Let's read a Truetype font file from scratch

Published 11 years ago

Drag a font file here to reveal its innermost secrets! Here's one in case you don't have one handy.

Drag TTF file here

Here are the steps we will follow:

When the file is dragged onto the web page, we want to read it.
We need to be able to interpret the numbers in the file, even though they were made for C programs to read.
We have to find the number of characters in the file and the positions of the glyph outlines in the file
We have to interpret the format of the glyph outlines
Finally, we have to render them to the web page.

Reading Files from Javascript

Whoah that sounds dangerous. But javascript can't read any file on your computer; just the ones you happen to drag over the web page, intentionally or accidentally. We do that by handling the dragover and drop events.
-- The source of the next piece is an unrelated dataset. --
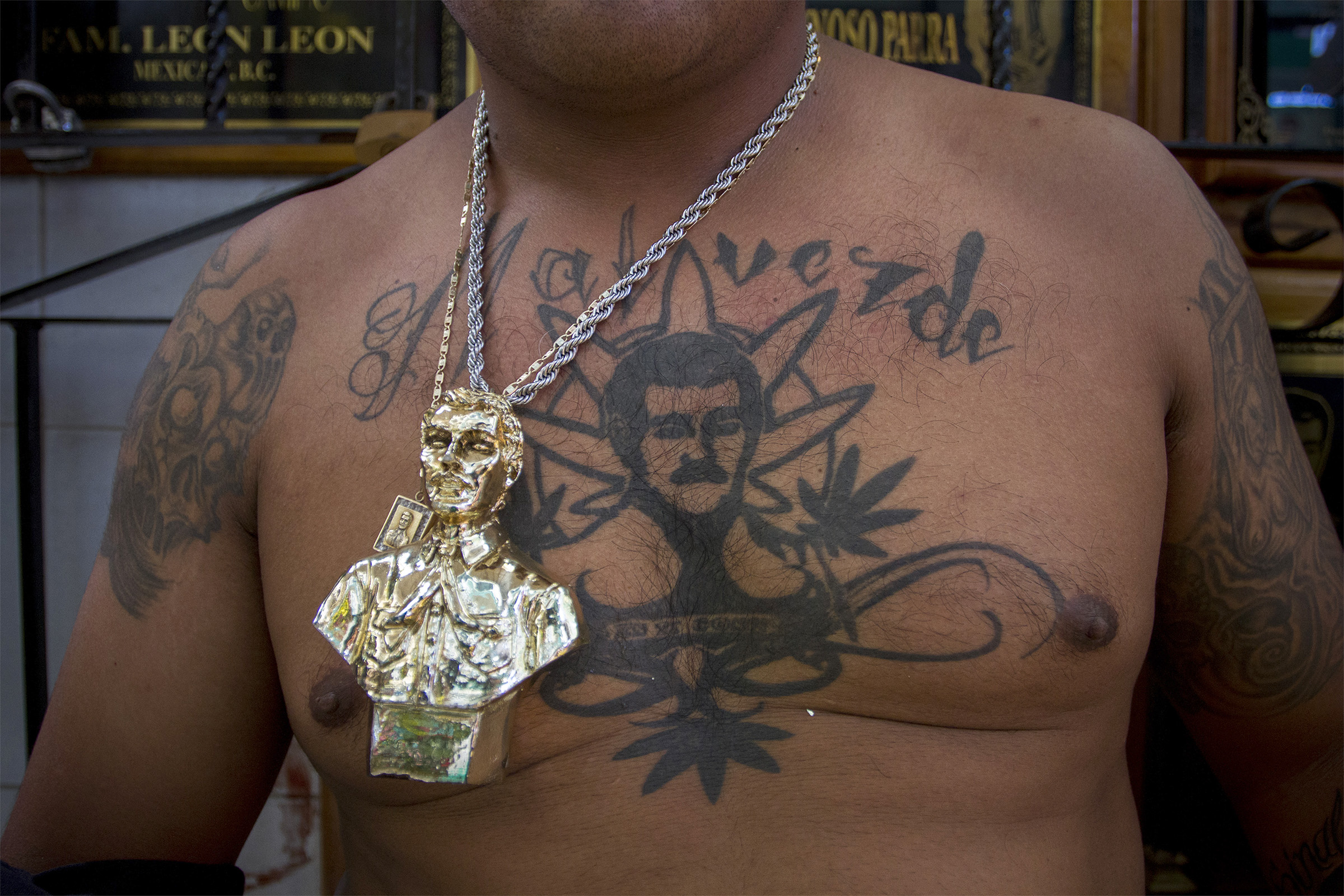 A man wears a chain with a large bust of Jesus Malverde on top of a tattoo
When the drop event is received, it contains a reference to the file and then our code is allowed to read it. This is done without any interactions with the server.

We also have to handle the ondragover event and cancel it, because otherwise it won't work.

var dropTarget = document.getElementById("dropTarget");
dropTarget.ondragover = function(e) {
    e.preventDefault();
};
dropTarget.ondrop = function(e) {
    e.preventDefault();

    if (!e.dataTransfer || !e.dataTransfer.files) {
        alert("Your browser didn't include any files in the drop event");
        return;
    }

    var reader = new FileReader();
    reader.readAsArrayBuffer(e.dataTransfer.files[0]);
    reader.onload = function(e) {
        ShowTtfFile(reader.result);
    };

};

You can't do much with the HTML5 File object. To get its data, you have to use the FileReader to read it asynchronously. You can choose to read it as a base64 encoded string or an array buffer. We choose an ArrayBuffer.

Interpreting the C structures

TrueType files were designed when computers had very little memory. They were designed to be mapped into RAM and read in place. C structures were even placed directly in the file. Opening a true type file was just a matter of loading it in. There was no need to do anything else. We will do a similar thing, but we will need a way to easily seek around the file and read numbers in various formats.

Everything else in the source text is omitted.